A shader can access variables defined with the Coherent decoration in SPIR-V; those accesses are defined to be coherent between different work items (potentially in different CUs), when they are accessing the same bytes through the same buffer view or image view. That means reads and writes to these variables must always go down to the L2 level, they cannot be satisfied from L1. Coherent shader variables don't need to be coherent with any non-shader accesses, so they don't have to go all the way to VRAM.

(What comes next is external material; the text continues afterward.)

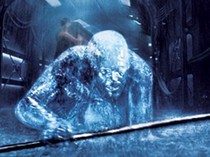 Sinopsis Film Hollow Man: Ilmuwan Jenius Menyulap Dirinya Jadi Tak Kasat Mata
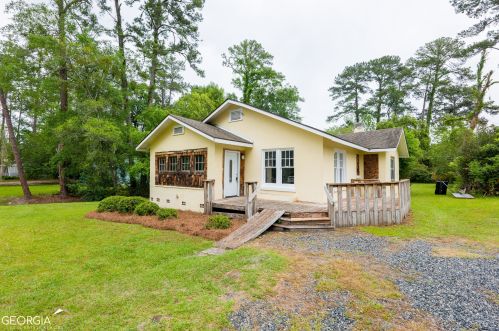 1401 Iola Dr, Valdosta, GA 31602-3834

Atomic operations are defined to be coherent with Coherent variables, so they have to be implemented similarly. (In the hardware the atomic behaviour can't be supported by the compute unit itself - the atomic request is typically passed down to the L2 cache, which may receive requests from many work items simultaneously and will execute them all with the correct atomicity.)

An application might write to one byte from a shader, and write to an adjacent byte from a transfer operation. This requires the transfer unit to be coherent with the L2 cache, which means there must be some hardware coherency support.


Writes to framebuffer attachments through the ROPs are not coherent with L2, and the ROPs usually write tiles rather than individual pixels - it would break if a shader tried to write to some pixels via an attachment and adjacent pixels via a storage image. The specification therefore (tries to) forbid this case - an image mustn't be accessed by any non-attachment path while it's being used as an attachment in a render pass. (Specifically, the ROP caches need to be flushed/invalidated between use as an attachment and as a non-attachment.)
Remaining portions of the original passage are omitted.